LANCASTER, Calif. (AP) -- When Jerral Hancock came home from the Iraq war missing one arm, with another that barely worked and a paralyzed body that was burned all over, he was a hero to this Mojave Desert town that wears its military pride on its sleeve.
Soon he was being called upon to use his one remaining hand to cut ribbons and wave to people during parades. Then, everyone would go home, and he would be forgotten by all but his two young children, who live with him, and his parents, who live across the street.
Then the students in Jamie Goodreau's U.S. history classes learned that Hancock had once gotten stuck in his modest mobile home for half a year when his handicapped-accessible van broke down, and that the hallways of his tiny house were so narrow he couldn't get his wheelchair through most of them.
They would fix that, Goodreau's students decided, by building Hancock a new home from the ground up. One that would be handicapped accessible. It would be their end-of-the-year project to honor veterans, something Goodreau's classes have chosen to do every year for the past 15 years, usually raising $25,000 or $30,000 for veterans charities and a celebratory dinner.

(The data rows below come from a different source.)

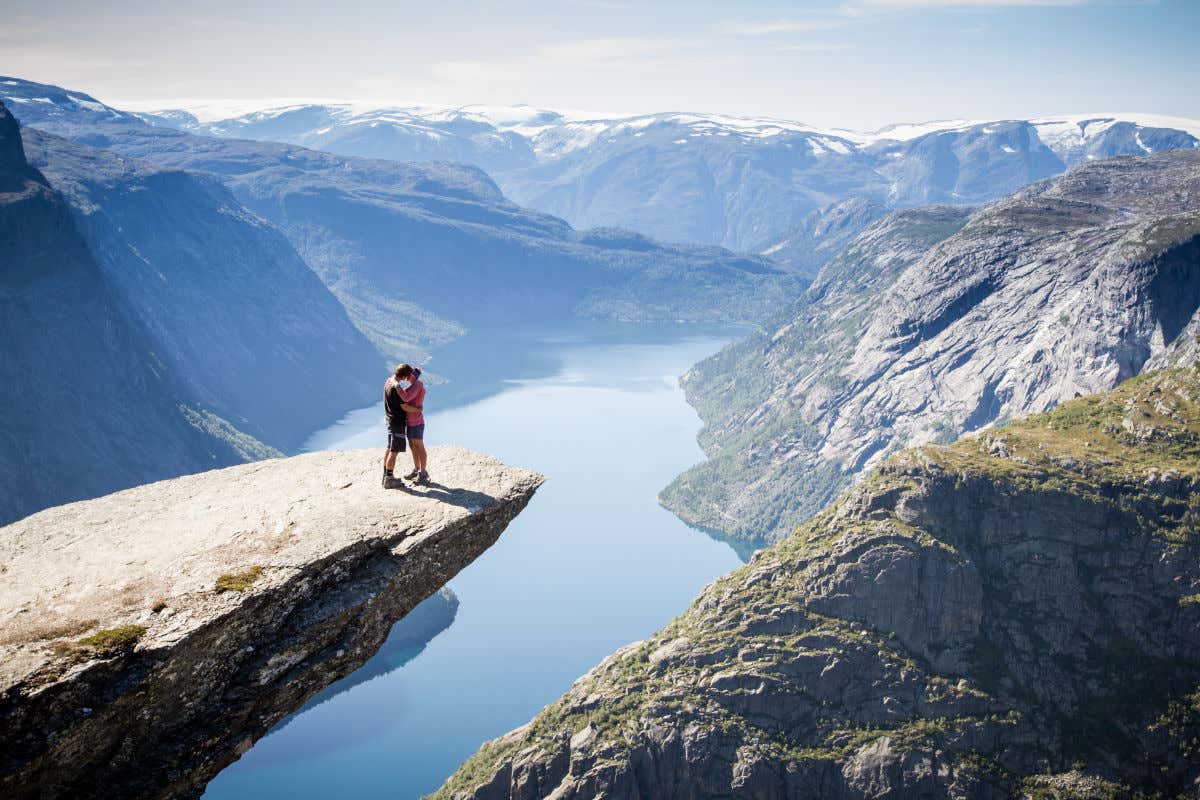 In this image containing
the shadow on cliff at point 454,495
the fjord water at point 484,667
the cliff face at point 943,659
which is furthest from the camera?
the fjord water at point 484,667

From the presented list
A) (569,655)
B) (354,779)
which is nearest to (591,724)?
(354,779)

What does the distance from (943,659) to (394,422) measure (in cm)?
7597

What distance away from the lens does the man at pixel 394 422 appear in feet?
78.4

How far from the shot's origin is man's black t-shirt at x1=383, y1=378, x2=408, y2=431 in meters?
23.9

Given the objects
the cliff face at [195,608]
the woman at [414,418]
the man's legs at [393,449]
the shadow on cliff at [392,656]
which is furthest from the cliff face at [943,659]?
the cliff face at [195,608]

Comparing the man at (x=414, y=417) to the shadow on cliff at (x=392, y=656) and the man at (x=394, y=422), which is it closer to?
the man at (x=394, y=422)

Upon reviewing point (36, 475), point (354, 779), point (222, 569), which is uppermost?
point (222, 569)

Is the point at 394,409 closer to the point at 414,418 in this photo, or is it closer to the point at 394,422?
the point at 394,422

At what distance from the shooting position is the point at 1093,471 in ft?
303

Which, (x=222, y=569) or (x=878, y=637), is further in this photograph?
(x=878, y=637)

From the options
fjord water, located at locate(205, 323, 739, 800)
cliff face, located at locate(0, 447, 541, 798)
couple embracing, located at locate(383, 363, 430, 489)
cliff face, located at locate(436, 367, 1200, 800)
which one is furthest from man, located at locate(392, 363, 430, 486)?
fjord water, located at locate(205, 323, 739, 800)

This time, however, the stakes would be much higher.
It's six months later and the students have closed escrow on a $264,000 property. Blueprints have been drawn up for the new dwelling and the students plan to break ground next month.

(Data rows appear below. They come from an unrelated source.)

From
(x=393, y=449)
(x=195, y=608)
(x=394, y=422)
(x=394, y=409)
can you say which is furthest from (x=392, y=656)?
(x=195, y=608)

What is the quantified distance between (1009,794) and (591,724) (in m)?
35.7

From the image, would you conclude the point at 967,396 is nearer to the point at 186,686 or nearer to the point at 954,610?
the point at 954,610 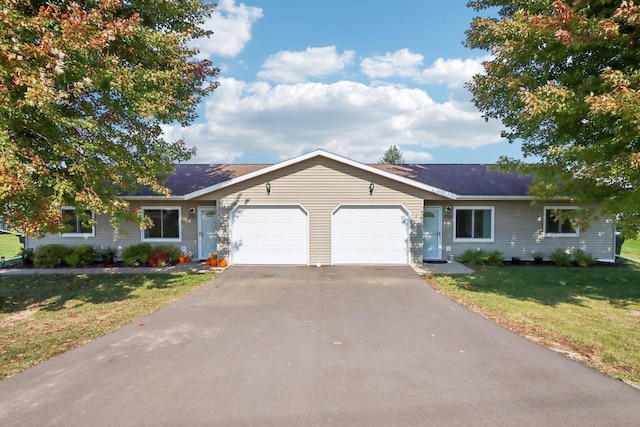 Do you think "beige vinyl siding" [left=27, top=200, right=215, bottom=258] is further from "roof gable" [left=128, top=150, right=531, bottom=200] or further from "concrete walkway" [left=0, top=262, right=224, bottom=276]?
"concrete walkway" [left=0, top=262, right=224, bottom=276]

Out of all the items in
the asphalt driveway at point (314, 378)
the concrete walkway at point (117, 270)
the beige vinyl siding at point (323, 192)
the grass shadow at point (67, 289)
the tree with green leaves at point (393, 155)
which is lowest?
the grass shadow at point (67, 289)

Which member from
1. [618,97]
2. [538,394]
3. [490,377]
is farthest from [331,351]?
[618,97]

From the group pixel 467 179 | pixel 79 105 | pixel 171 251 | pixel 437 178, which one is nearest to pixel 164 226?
pixel 171 251

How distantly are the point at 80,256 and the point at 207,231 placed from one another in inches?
177

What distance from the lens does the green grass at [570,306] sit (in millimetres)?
4977

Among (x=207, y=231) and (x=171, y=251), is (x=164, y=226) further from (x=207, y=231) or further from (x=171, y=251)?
(x=207, y=231)

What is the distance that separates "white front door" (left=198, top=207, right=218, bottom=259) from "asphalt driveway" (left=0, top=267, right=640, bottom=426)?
22.4ft

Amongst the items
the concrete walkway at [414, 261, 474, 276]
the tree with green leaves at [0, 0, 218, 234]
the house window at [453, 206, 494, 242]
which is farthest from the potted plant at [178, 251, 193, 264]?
the house window at [453, 206, 494, 242]

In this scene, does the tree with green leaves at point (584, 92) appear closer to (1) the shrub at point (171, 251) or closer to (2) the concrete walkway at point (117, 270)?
(2) the concrete walkway at point (117, 270)

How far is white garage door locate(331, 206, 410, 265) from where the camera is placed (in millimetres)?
12477

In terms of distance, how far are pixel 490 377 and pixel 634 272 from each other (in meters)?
11.1

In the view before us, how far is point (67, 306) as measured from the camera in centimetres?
774

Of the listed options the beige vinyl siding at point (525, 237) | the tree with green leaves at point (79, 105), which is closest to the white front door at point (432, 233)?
A: the beige vinyl siding at point (525, 237)

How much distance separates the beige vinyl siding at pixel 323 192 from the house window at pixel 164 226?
2223mm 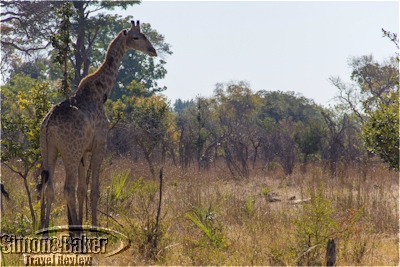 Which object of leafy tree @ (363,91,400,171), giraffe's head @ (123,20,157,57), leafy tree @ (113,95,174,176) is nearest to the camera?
leafy tree @ (363,91,400,171)

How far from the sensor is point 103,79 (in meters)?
7.80

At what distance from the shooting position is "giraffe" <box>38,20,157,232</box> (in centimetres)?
660

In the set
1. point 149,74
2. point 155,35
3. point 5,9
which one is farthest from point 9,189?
point 149,74

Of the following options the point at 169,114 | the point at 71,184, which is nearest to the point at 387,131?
the point at 71,184

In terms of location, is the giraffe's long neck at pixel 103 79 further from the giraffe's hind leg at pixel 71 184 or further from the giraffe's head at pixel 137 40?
the giraffe's hind leg at pixel 71 184

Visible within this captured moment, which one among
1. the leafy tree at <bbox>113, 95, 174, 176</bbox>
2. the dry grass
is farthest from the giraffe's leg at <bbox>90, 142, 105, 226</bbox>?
the leafy tree at <bbox>113, 95, 174, 176</bbox>

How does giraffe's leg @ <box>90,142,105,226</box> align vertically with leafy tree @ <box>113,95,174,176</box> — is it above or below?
below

"We had no doubt that it could be done," Lancaster High School senior Joseph Mallyon says with a smile as he sits in Goodreau's classroom on a recent afternoon with several of his fellow students. "Now there are some people in the community, you know, the older people, the people who have jobs, who go through life every day and know the harsh reality of things.
"Those people doubt us. But we just accept it and say, 'Watch what we can do.'"

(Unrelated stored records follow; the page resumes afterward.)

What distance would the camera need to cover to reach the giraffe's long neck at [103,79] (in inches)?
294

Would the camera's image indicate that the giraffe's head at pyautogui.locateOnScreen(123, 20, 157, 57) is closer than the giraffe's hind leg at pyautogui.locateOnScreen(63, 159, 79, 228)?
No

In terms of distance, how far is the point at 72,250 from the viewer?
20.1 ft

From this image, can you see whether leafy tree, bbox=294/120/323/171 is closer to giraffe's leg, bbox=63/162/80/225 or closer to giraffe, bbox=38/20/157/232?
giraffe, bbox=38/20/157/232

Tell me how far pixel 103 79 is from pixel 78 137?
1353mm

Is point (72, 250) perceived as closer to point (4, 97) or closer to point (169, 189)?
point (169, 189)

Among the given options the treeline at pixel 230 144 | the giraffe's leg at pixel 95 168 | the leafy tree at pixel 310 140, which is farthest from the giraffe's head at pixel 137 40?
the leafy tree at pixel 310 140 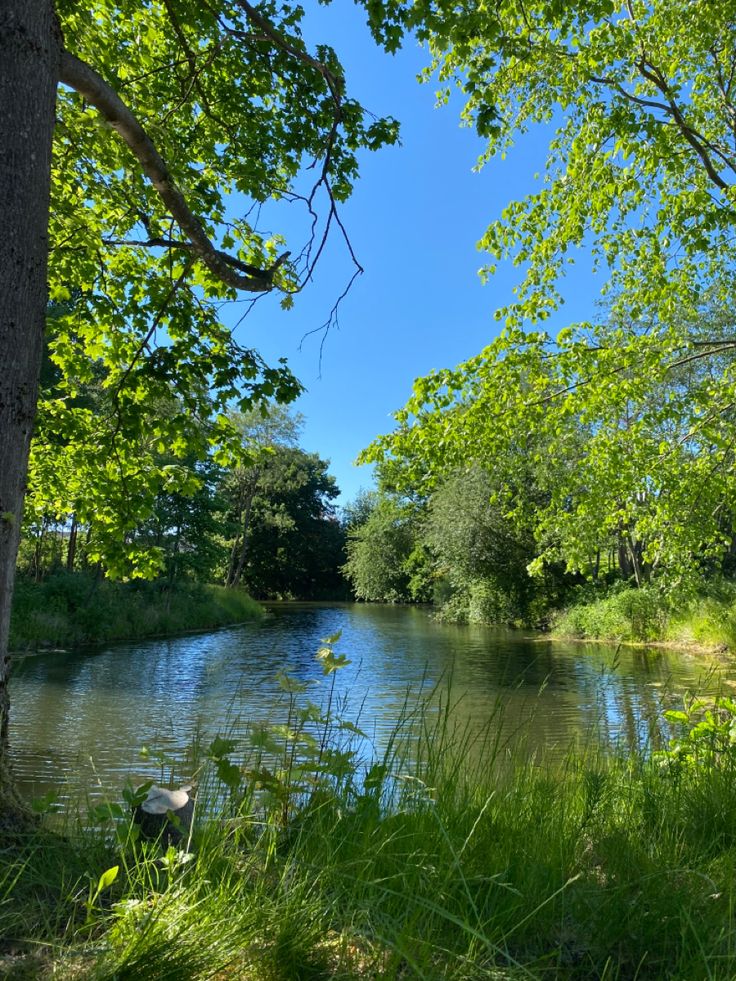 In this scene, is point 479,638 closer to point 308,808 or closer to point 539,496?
point 539,496

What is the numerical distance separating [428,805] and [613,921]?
0.94m

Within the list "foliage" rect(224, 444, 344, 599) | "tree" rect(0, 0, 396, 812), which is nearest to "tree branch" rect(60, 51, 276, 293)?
"tree" rect(0, 0, 396, 812)

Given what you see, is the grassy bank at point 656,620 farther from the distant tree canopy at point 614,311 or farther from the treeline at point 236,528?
the treeline at point 236,528

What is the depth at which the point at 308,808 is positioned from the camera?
2.81 metres

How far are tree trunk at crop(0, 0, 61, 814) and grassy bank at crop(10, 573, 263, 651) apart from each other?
539 inches

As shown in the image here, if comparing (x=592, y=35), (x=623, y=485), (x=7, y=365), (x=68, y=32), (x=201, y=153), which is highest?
(x=592, y=35)

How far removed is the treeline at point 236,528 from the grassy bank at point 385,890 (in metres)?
3.50

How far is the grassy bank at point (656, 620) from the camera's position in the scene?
17391 mm

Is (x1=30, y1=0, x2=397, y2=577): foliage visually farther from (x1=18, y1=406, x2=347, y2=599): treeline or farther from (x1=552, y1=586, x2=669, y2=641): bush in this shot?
(x1=552, y1=586, x2=669, y2=641): bush

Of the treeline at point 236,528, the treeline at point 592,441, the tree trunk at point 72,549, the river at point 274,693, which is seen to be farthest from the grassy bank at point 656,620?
the tree trunk at point 72,549

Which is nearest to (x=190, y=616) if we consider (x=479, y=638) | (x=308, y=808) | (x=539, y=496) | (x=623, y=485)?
(x=479, y=638)

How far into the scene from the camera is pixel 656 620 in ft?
66.5

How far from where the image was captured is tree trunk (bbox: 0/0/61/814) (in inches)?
101

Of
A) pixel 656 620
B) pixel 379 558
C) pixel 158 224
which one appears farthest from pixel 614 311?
pixel 379 558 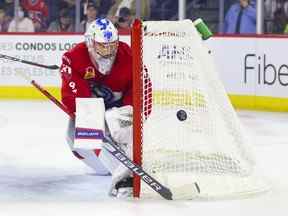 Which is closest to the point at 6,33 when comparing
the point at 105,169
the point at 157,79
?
the point at 105,169

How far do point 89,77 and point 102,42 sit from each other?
24cm

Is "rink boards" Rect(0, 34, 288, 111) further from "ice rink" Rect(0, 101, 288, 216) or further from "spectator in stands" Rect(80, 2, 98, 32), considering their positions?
"ice rink" Rect(0, 101, 288, 216)

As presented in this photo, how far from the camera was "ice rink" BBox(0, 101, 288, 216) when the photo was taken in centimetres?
384

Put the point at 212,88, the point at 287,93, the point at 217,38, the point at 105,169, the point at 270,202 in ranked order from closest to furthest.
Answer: the point at 270,202
the point at 212,88
the point at 105,169
the point at 287,93
the point at 217,38

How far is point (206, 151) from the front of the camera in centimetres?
417

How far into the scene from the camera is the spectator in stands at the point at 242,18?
29.0 feet

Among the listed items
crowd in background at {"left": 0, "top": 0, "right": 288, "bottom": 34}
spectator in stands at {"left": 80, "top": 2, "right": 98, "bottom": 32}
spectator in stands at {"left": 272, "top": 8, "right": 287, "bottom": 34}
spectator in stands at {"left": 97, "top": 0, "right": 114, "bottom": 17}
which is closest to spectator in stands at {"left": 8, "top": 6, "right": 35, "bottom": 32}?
crowd in background at {"left": 0, "top": 0, "right": 288, "bottom": 34}

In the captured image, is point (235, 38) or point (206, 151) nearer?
point (206, 151)

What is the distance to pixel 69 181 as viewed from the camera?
4.61m

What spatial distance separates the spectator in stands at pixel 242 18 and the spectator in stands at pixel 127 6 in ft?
A: 3.01

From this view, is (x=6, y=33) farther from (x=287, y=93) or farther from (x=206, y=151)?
(x=206, y=151)

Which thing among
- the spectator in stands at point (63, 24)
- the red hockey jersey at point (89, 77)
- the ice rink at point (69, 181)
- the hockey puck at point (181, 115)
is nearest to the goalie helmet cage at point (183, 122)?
the hockey puck at point (181, 115)

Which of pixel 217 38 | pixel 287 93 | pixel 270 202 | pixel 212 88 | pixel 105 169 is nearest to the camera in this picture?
pixel 270 202

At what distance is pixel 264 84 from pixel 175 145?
170 inches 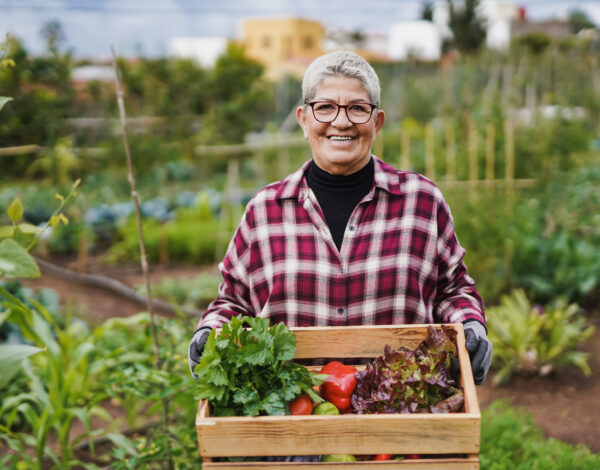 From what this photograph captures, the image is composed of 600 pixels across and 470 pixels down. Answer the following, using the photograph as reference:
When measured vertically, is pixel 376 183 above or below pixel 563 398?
above

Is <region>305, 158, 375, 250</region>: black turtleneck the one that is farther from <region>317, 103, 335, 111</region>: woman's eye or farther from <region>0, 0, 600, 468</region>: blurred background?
<region>0, 0, 600, 468</region>: blurred background

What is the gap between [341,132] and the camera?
5.81 ft

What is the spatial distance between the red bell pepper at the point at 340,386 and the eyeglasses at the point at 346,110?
72 centimetres

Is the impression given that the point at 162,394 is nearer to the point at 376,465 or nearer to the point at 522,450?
the point at 376,465

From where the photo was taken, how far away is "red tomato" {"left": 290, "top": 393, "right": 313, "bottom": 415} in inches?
56.6

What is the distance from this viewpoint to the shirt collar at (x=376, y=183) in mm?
1885

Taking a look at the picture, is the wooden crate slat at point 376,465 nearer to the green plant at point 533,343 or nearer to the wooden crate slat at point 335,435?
the wooden crate slat at point 335,435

After Goodreau's students shocked Lancaster and neighboring Palmdale by raising $80,000 in four months -- mainly by holding yard sales, pizza nights and peddling things like T-shirts and refrigerator magnets -- the whole community began to get involved.
Big box stores are offering discounts on building supplies. A construction contractor has volunteered to pitch in when the building begins. An architectural firm provided the blueprints. The real estate agent waived her commission. The credit union at nearby Edwards Air Force Base is kicking in money from new loans it writes.
Even the inmates at the local prison held a sale of their artwork and donated the proceeds.
"It's really just amazing," says J.D. Kennedy, a local field representative for Congressman Howard "Buck" McKeon.
An Iraq war veteran himself, Kennedy met Hancock after he learned the former Army specialist had been stuck in his home when the oversized van that accommodates his wheelchair broke down and he couldn't get the 70 miles to the nearest Veterans Affairs hospital to see a dentist to fix his teeth, which were rotting from the effects of the painkillers he must swallow each day.
Kennedy's boss, who chairs the House Armed Services Committee, pressed the VA to reimburse local doctors and dentists who agreed to treat Hancock whether they were paid or not. Then Goodreau, who met Hancock at the annual Pride of the Nation Day, invited him to tell his story to her students.
He recounted it again on a recent desert-hot fall afternoon as he sat shirtless in his living room, making no effort to hide the burns that still scar his body. A prosthetic arm sat unused on a counter because, Hancock says with a grin, it's heavy and hard to use -- and it looks even scarier than no arm at all.
Hancock was driving a tank through the streets of Baghdad on May 29, 2007, when the vehicle was hit by an improvised explosive device that blew a hole through its armor and set it ablaze. A chunk of shrapnel lodged in his spine, paralyzing his legs so that he couldn't get out. It happened on his 21st birthday.
"Yeah," says the laconic former soldier who somehow never lost his sense of humor. "That part really sucked."
Due to leave the military in a few months, he'd bought a mobile home near his mother's place in Lancaster. It was small but a good first home for a young guy with a wife, two kids and a dog. But he hadn't planned on coming home in a wheelchair.